Posted: Mon Sep 11, 2006 9:57 pm

If you set up PHP to run in safe mode, it will deny access to any files outside the folders you set in open_basedir setting. That will help tremendously so that the entire server itself is not compromised.

Posted: Tue Sep 12, 2006 9:01 pm

I can see why Raven and other hosts are like that, I am also. You have to remember evaders the amount of functionality you lose. Safe mode is VERY effective but limits the user in so many ways that I personally refuse to run it. I have a moto, If it doesnt work then I make it so that my clients can still have the functionality at the best limit I can offer without sacrificing server security. For example a lot of hosts disable phpinfo function, I myself do that as well because it reveals the username and pass of the account (pass is hashed though). This can hurt the client and the server depending on the users right. So I created a page in cpanel that is named phpinfo and at a click of a button, It shows php-info so they can get a quick view of server configuration to find out usefull information. But fkelly because of th fact that a host like Raven tries to keep functionality on a server is (IMO) the reason certain things are not allowed. Basically The host makes a choice and makes sure the clients are aware not to put things that can reveal bad information that can comprimize the servers integrity. Just remember Hosts do their best with what they are given and Im learning but Raven knows!!

Posted: Fri Sep 15, 2006 8:04 pm

Actually I was wrong about phpsuexec, uploads are set to the username of the account, working on how to Prepare for that.

Actually Thinking of taking Guardians sudjestion, not so litteral but to rethink the whole config.php Idea completly but that would more or less require a nice change in how php-nuke connects to the database.

Posted: Fri Sep 15, 2006 8:37 pm

I've had no problem really running in safe mode. As most servers do run in PHP safe mode, it is a good idea to check and make sure scripts you've created do run on such a setup. Mostly it is correcting things such as bad inclusions, etc.

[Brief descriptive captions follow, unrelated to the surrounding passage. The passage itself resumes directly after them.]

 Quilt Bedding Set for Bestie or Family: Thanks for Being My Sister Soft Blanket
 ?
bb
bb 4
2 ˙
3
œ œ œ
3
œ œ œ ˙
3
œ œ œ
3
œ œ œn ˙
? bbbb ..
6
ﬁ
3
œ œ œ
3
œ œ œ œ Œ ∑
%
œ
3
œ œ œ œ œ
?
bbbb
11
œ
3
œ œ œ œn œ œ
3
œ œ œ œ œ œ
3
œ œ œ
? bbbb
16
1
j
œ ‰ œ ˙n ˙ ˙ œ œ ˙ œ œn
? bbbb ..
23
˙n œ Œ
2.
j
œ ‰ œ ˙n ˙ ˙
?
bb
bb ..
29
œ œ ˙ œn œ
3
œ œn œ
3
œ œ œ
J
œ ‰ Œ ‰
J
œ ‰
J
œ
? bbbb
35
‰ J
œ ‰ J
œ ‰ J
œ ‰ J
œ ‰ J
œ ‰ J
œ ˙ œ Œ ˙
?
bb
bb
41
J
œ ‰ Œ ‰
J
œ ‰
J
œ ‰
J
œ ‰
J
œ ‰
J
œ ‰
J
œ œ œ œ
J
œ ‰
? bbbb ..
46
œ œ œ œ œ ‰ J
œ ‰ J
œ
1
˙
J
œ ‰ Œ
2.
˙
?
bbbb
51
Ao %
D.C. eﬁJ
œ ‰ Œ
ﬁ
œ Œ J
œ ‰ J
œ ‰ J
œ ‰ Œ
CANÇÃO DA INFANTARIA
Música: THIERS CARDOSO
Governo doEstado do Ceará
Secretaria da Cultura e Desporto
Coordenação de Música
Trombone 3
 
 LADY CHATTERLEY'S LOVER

Posted: Thu Sep 21, 2006 8:22 pm

Thought about another approach I could take, which is to change the password continuously, I got that part working, Even make it write the proper data to config.php. Problem Im having now is [cache-config.php] No CACHE_TYPE has been set!.

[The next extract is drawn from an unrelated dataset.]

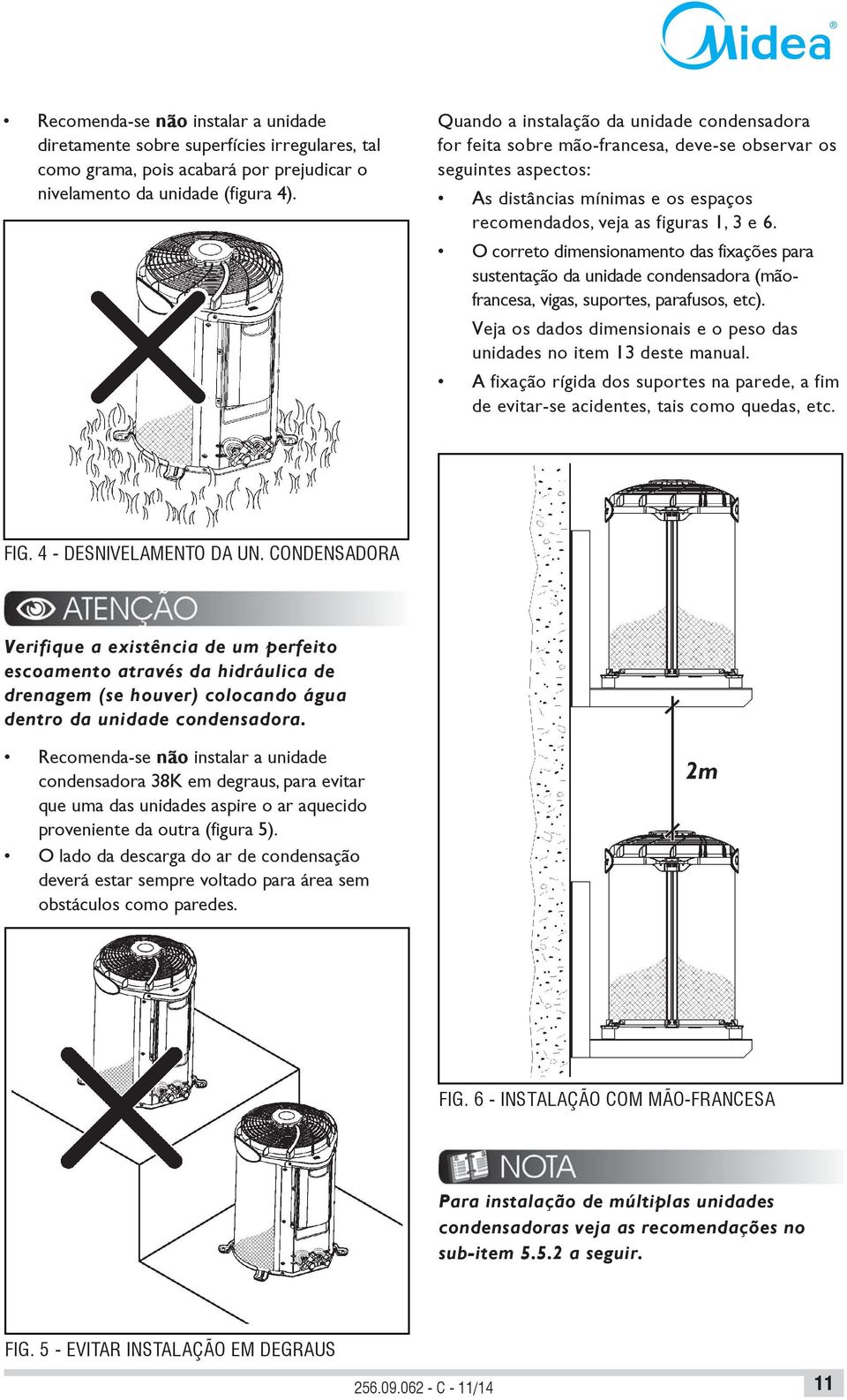 O correto dimensionamento das fixações para sustentação da unidade condensadora (mãofrancesa, vigas, suportes, parafusos, etc).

Curious what this means, Is it possibly an addon that Im not aware of.

Ohh btw, It generates the password using a function that uses numbers and letters in combination, So set the password once, then anytime someone visits the site, changes the password, So the site can do what it must, but apparently nuke is designed to reuse the connection continually, Ummm, not bad idea but makes this even harder. lol. My thinking is that unless the hacker can include the config.php in EVERY page he loads, then hed get no access and if you try to access the database AFTER the pass has changed and you did not reload the connection, then it will stop you, But I honestly thought nuke reloaded the connection on every page visit considering nuke always includes mainfile. So I think hed have an impossible task if I use my secure include function AND I use the change the password function. So all this said, any ideas on how I could resolve my error?

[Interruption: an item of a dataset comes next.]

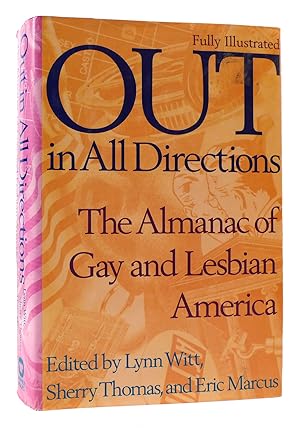 Imagen del vendedor de OUT IN ALL DIRECTIONS Almanac of Gay and Lesbian America a la venta por Rare Book Cellar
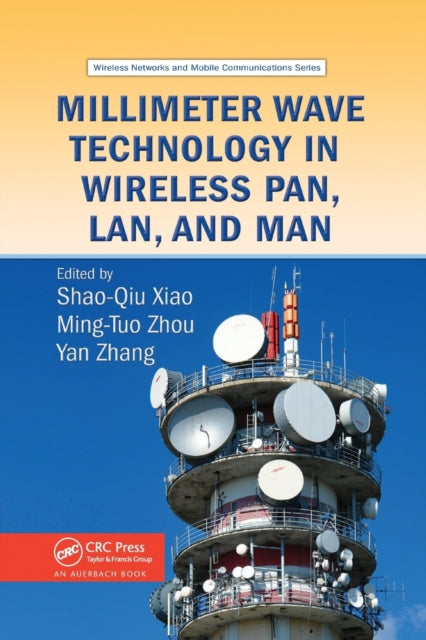 Millimeter Wave Technology in Wireless PAN LAN and MAN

Posted: Thu Sep 21, 2006 8:59 pm

I do not want to put you on a downer but anything that requires config.php to be wrtieable is a little dodgy.

Posted: Fri Sep 22, 2006 3:13 pm

Well, config.php being writeable doesnt worry me so much, Its if mainfile or whatever file uses the information is compremised.

See all That this will do is make it so that the config.php needs to be reloaded at every point. And that makes their job all that much harder.

Posted: Fri Sep 22, 2006 6:13 pm

You all might find this thread over at the Gallery web page very interesting. I stumbled across it while researching some Gallery problems but it has some basic information, and considerable discussion, pertinent to this thread.

http://gallery.menalto.com/node/3017

Warning: have a few hours free to read.

My admittedly oversimplified conclusion: running safe mode is sort of like renaming config.php.